Even though it's a design classic and one of the original hot hatchbacks, The Volkswagen Golf was only the 7th most popular car among first-time drivers. However, with its roomy interior and muscular performance, it is one of the most popular cars among first-time drivers with families, which is exactly the reason why Jamie East picked one up.
It's just a shame that no-one told Sky Atlantic's Thronecast presenter about the dangers of fitting a roof box.
"I was ridiculously old and already a father of two before I got a car that I actually owned. I'd passed my test years before (when I was 19) but for various reasons didn't get 'round to buying one until I was nearly 26.
Before the trusty royal blue Golf entered my life I'd always managed to beg, borrow or – well just beg or borrow a car whenever I needed one. Living in London isn't like anywhere else. I'd lived in Derby most of my life where having a car is useful. In London, they're a nuisance – you can't park them anywhere and people love nicking them.
So, there I was with a 10–year–old Golf, driving down to Cornwall, The Strokes first album blasting out of the CD player (plugged into the stereo via jack lead, obvs), like the king of the world. I'd chosen the air freshener, the stereo (which took me longer to pay off than the car – thanks, Egg) and the roof box.
Ah yes, the roof box. When your heart says Thule but your head says the cheapest you can find. When your head says, "you'll never fit all that in" but your bum says, "just sit on it till it shuts". Parents of young children will always remember the first time they realise the amount of absolute trash you have to carry around everywhere, 10 days in Padstow with a toddler needs more equipment thank Botham's walk of Britain. I was quite proud of managing to fit everything in.

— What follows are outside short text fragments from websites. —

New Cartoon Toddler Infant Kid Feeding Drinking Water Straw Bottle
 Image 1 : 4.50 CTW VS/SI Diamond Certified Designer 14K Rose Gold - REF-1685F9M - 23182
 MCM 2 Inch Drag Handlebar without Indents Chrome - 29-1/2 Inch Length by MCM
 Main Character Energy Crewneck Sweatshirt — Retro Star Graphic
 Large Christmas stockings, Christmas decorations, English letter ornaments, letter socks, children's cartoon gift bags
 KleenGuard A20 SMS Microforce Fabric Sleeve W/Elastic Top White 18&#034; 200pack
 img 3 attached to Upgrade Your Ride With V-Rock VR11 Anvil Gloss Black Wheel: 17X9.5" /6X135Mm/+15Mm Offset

An hour later I was smiling smugly to myself while driving down the M5 towards Exeter, looking in the rear–view mirror and pitying the fool whose North Face coat was floating across the central reservation. Along with a kid's body warmer and… oh god… my wife's leather jacket.
You tell yourself you won't risk your life for mundane material things – but those are the words spoken by men who remember to lock their roof boxes, not by men who aren't as attached to the first expensive coat they've ever bought – and certainly not by men who have to tell their wife a crow is pecking her coat to shreds.